Yangian-invariant spin models and Fibonacci numbers

TL;DR

This paper investigates Yangian-invariant supersymmetric spin models, revealing their degeneracy patterns are linked to Fibonacci numbers and grow exponentially, with implications for understanding their spectral structure and connections to anyons.

Contribution

It provides a closed-form expression for the minimum average degeneracy of Yangian-invariant models and connects their spectral levels to generalized Fibonacci numbers and quasi-particle models.

Findings

Minimum average degeneracy grows exponentially with system size.

Degeneracy is significantly higher than in generic models.

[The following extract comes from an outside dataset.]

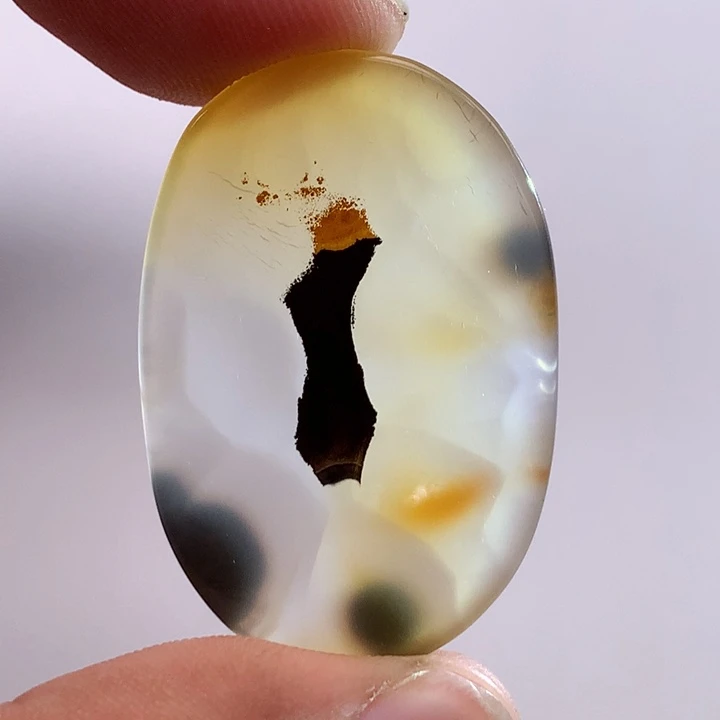 玛瑙/玉髓颈饰未镶嵌宋*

Spectral levels relate to an effective quasi-particle model.

Abstract

We study a wide class of finite-dimensional su(m|n)-supersymmetric models closely related to the representations of the Yangian Y(sl(m|n)) labeled by border strips. We quantitatively analyze the degree of degeneracy of these models arising from their Yangian invariance, measured by the average degeneracy of the spectrum. We compute in closed form the minimum average degeneracy of any such model, and show that in the non-supersymmetric case it can be expressed in terms of generalized Fibonacci numbers. Using several properties of these numbers, we show that (except in the simpler su(1|1) case) the minimum average degeneracy grows exponentially with the number of spins. We apply our results to several well-known spin chains of Haldane-Shastry type, quantitatively showing that their degree of degeneracy is much higher than expected for a generic Yangian-invariant spin model. Finally, we show that the set of distinct levels of a Yangian-invariant spin model is described by an effective model of quasi-particles. We study this effective model, discussing its connections to one-dimensional anyons and properties of generalized Fibonacci numbers.